Un dato rilevante è legato al fatto che, sebbene la stragrande maggioranza dei casi registrati sia collocabile nei paesi occidentali – Stati Uniti, Europa e Australia – il periodo tra maggio 2020 e maggio 2021 ha visto anche la continua crescita di azioni giuridiche intraprese nel Sud del mondo con 32 casi registrati in America Latina e Caraibi, 18 in Asia e 8 in Africa.
Le compagnie operanti nel settore dei combustibili fossili sono tra le più colpite da questi procedimenti giudiziari. Tra le motivazioni che hanno spinto i contendenti ad intraprendere un’azione legale vi sono: affermazioni ingannevoli riguardo la produzione di energia pulita, proposte di investimento in progetti ad alto impatto ambientale, mancato rispetto delle regolamentazioni ambientale pertinenti e mancata riduzione delle emissioni di carbonio.

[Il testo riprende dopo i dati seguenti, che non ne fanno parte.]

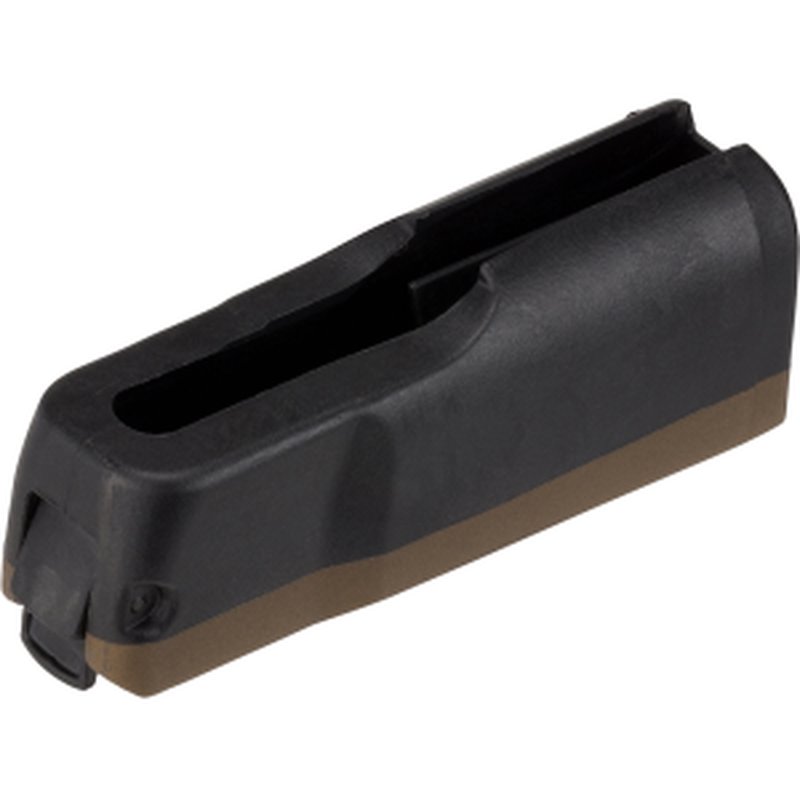 Browning Magazine Browning X-Bolt X-Bolt 2 300 PRC 3-Round Burnt Bronze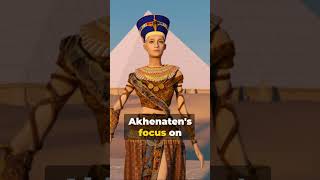 Who was Akhenaten [upl. by Farnsworth702]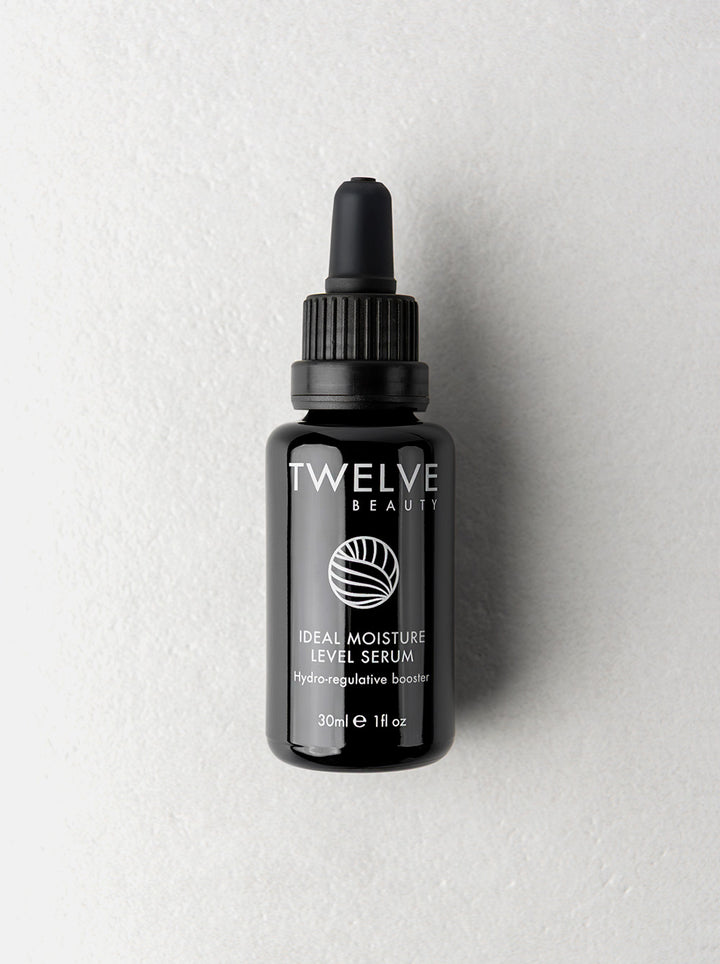 Ideal Moisture Level Serum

Tra i casi registrati, alcuni hanno tentato di dimostrare come alcune di queste aziende abbiano cercato di nascondere informazioni riguardanti il loro contributo al cambiamento climatico mentre altri hanno provato a mettere in luce la responsabilità delle stesse sugli effetti della crisi climatica in atto. Certamente, il fatto che la maggior parte delle emissioni di gas serra presenti e future sia dovuta alle attività di questi soggetti è il motivo principale di un aumento costante di casi giudiziari che coinvolgono proprio questo settore.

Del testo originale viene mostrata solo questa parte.